■ What to work on
Output the data below only from the line containing "Eatontown, NJ 07724" up to and including the line containing "Noro Yarn - Silk Garden - Itoman #532", exact and with the pictures left out.

■ Excerpted data
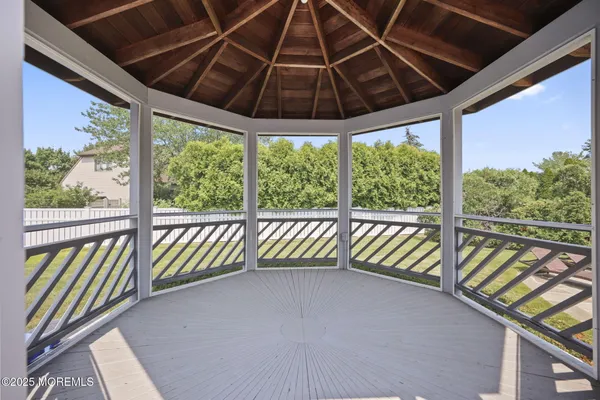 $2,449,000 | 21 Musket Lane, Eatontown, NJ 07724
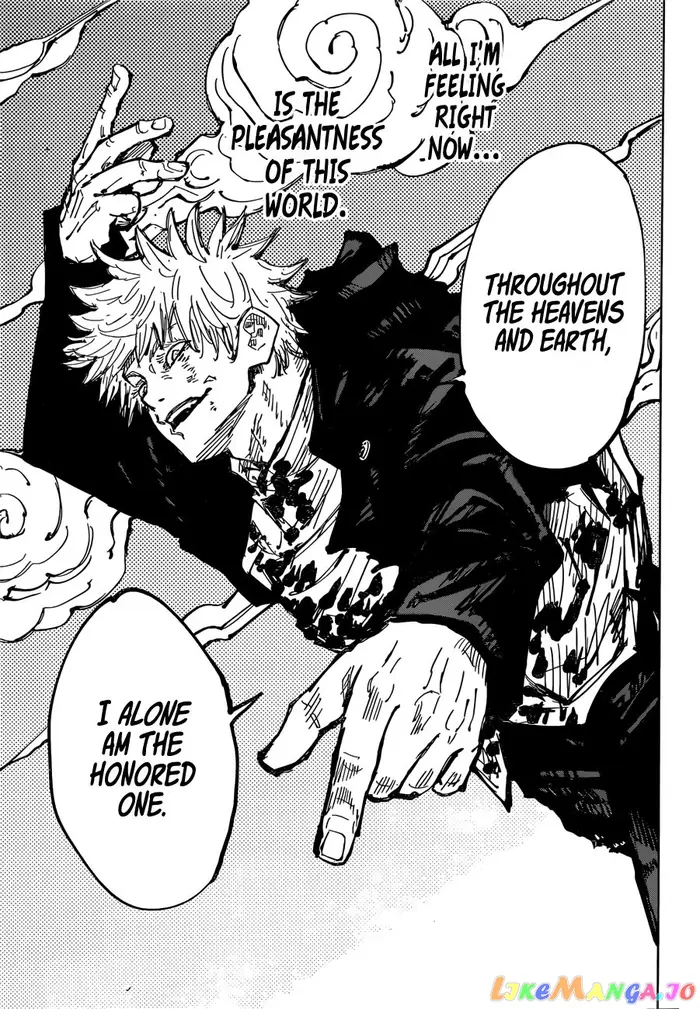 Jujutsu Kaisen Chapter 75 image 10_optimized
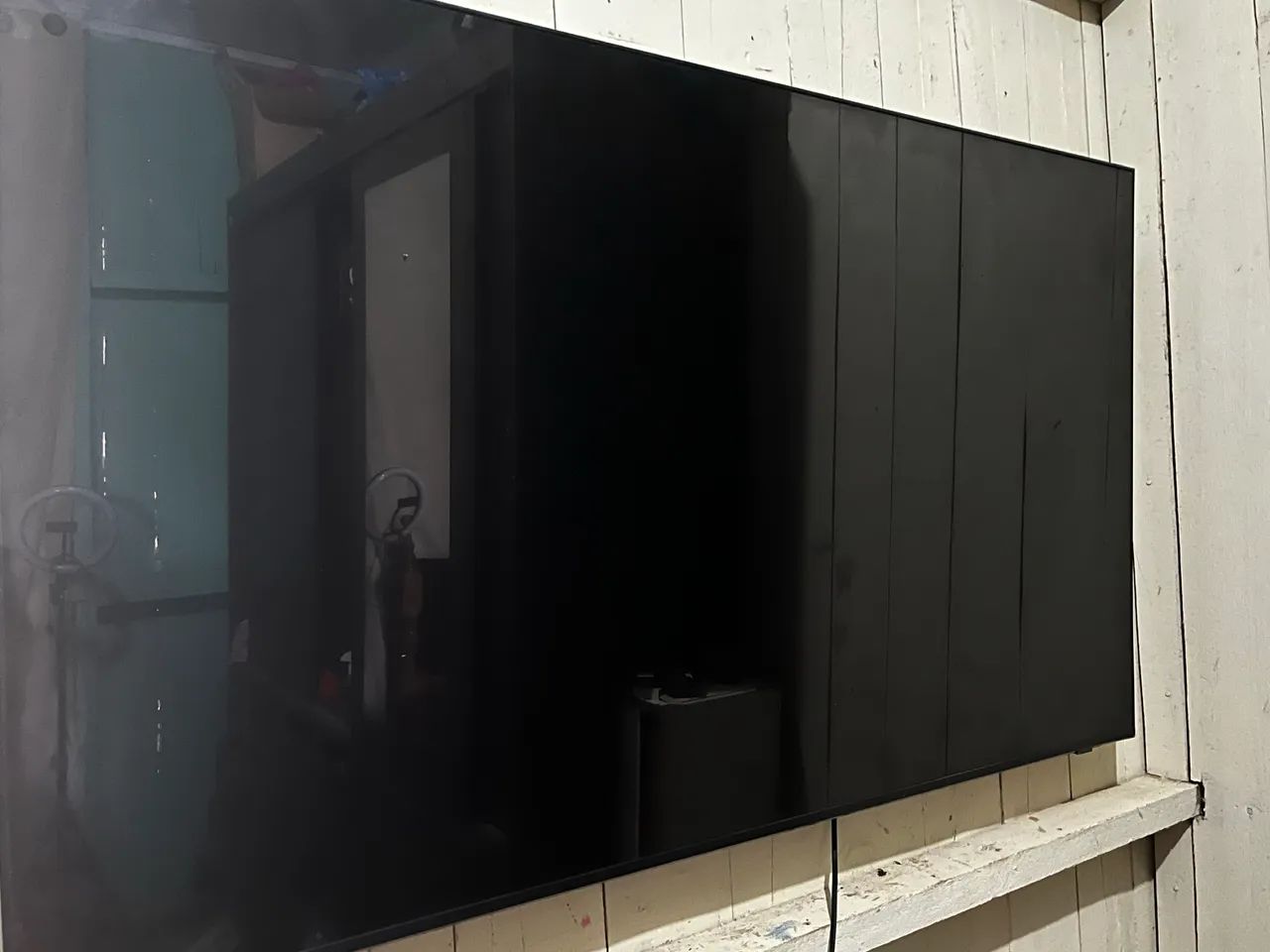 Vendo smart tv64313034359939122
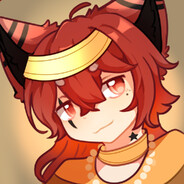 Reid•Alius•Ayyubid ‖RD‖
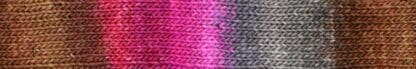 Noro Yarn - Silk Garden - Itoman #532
* * *
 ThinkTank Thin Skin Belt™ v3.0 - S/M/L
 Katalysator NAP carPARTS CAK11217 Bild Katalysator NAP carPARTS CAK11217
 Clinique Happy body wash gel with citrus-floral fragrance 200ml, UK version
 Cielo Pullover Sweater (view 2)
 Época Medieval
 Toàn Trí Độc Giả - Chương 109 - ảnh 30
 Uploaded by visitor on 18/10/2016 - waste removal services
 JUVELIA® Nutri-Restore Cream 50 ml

■ Answer below
 $2,449,000 | 21 Musket Lane, Eatontown, NJ 07724
 Jujutsu Kaisen Chapter 75 image 10_optimized
 Vendo smart tv64313034359939122
 Reid•Alius•Ayyubid ‖RD‖
 Noro Yarn - Silk Garden - Itoman #532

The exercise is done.